Phishing emails are one of the most common ways used for spreading malware, which makes it a good medium for spreading ransomware too. The phishing email sent to the victim may be accompanied by an attachment that secretly contains the ransomware. When the unsuspecting user opens or downloads the attachment, the ransomware kicks into action. The email may also feature link to a malicious web page, setting the stage for a ransomware attack when the user visits the web page. Phishing messages containing the threat of ransomware may also be sent via messages on social media. Clicking on malvertisements can also launch a ransomware attack. For more information on what malvertisements are, read: Online Ads Can Be Dangerous for Cybersecurity.
Remote Desktop Protocol (RDP) is a common method used by attackers to remotely access and infect a system with ransomware. Attackers could also use exploit kit to target systems with software applications that are not updated and thus have cracks in the security that offer an entry point into the system. Using external storage devices that are already infected with a ransomware also poses risk.
Once a device has been infected by the ransomware, user will get an alert on their device about the attack along with the instructions that they need to follow for completing the ransom payment and having their data released. What’s most dangerous about a ransomware attack is that even after the victim does make the payment, there is no guarantee that they will regain access to their data. In case the attacker doesn’t come through with their promise, the victim would be out of money and would have also lost their valuable data.
Who Can Be a Victim of a Ransomware Attack?

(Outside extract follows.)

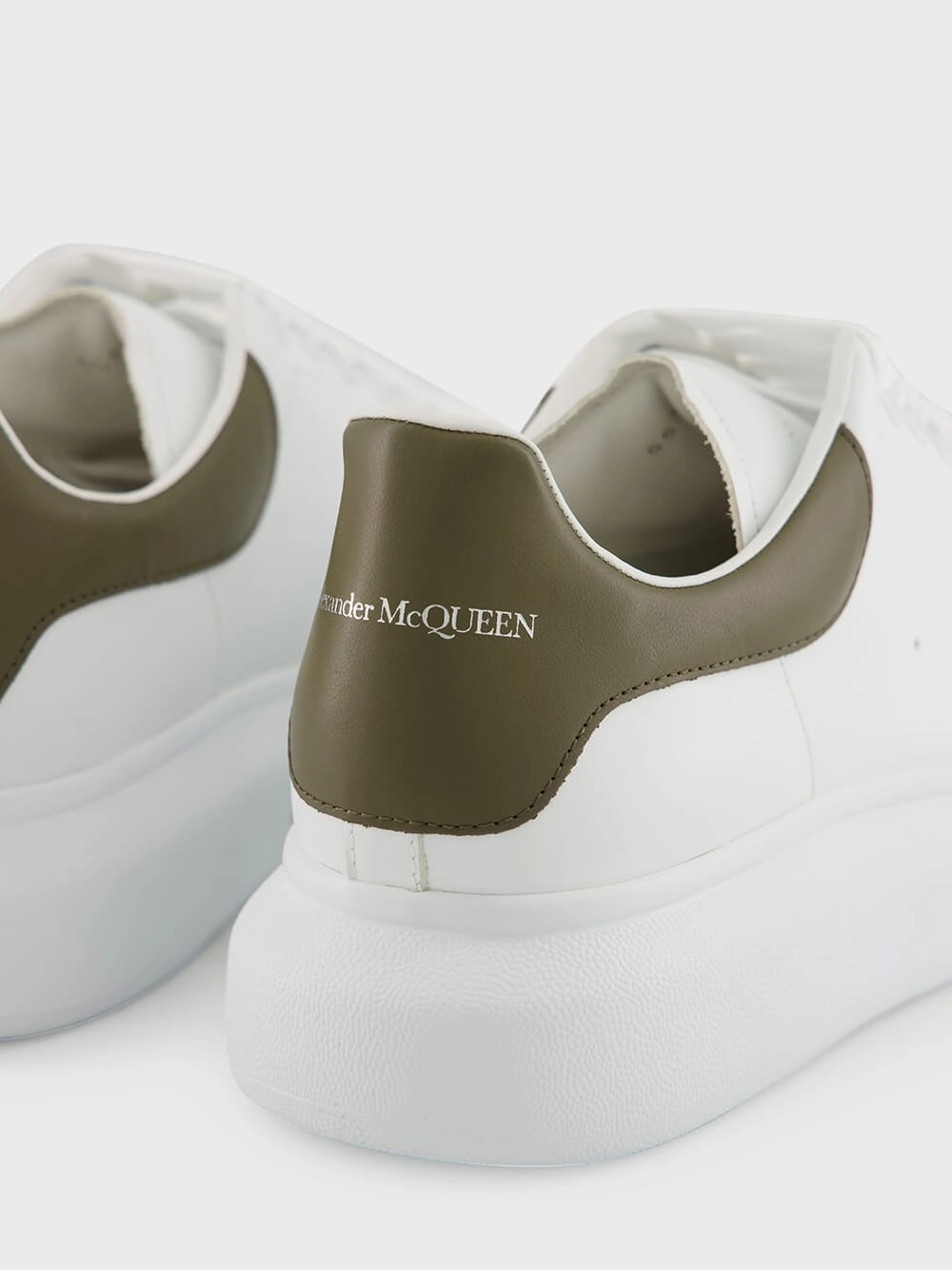 Men's White and Khaki Oversized Sneakers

Practically speaking, anyone can become a victim of a ransomware attack, from home users to big corporate organizations. The impact and consequences of the attack will also vary from victim to victim. For an organization, the stakes would be a lot higher. Without being able to access their data, they might find it impossible to carry on with their daily operations. They could face huge monetary losses due to operational delays. If the organization finds no other option but to pay, then the ransom amount paid would just add to their already mounting expenses.
5 Tips To Prevent A Ransomware Attack From Happening To You
The only best strategy when it comes to dealing with a ransomware attack is prevention. Here are some tips that can prevent you from becoming a victim of such an attack:
- Make regular backups of your data, so that in the event of a ransomware attack, you are able to recover all your data without having to pay the ransom. Ensure that the backups are stored on a different network altogether. Hiring a managed IT services provider can help greatly with the backup and recovery process.
- When you see a suspicious email in your inbox, don’t click on the links or open any attachments in the email, no matter how tempting the message of the email may be. Chances are that it’s a phishing email presenting a malware attack (possibly a ransomware attack). Read more on phishing here: What is a Phishing Attack.
- Have a good firewall and anti-malware software solution in place as a security measure. Update the anti-virus software from time to time.
- Any extensions or plugins that you are not using should have no place in your web browser.
- Install security updates on your operating system and software applications regularly, reducing your system vulnerability with every update. This article here explains the role of security updates in your system security: About Pesky Security Updates.